Data supplied »

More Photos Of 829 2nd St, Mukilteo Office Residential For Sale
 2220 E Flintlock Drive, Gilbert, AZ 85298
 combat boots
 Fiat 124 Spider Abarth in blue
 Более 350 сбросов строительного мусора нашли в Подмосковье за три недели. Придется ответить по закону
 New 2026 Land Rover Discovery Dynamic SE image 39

Exercise » Look above and return each line of the records exactly, from the very first through the line with "Более 350 сбросов", both included.

Your response »
More Photos Of 829 2nd St, Mukilteo Office Residential For Sale
 2220 E Flintlock Drive, Gilbert, AZ 85298
 combat boots
 Fiat 124 Spider Abarth in blue
 Более 350 сбросов строительного мусора нашли в Подмосковье за три недели. Придется ответить по закону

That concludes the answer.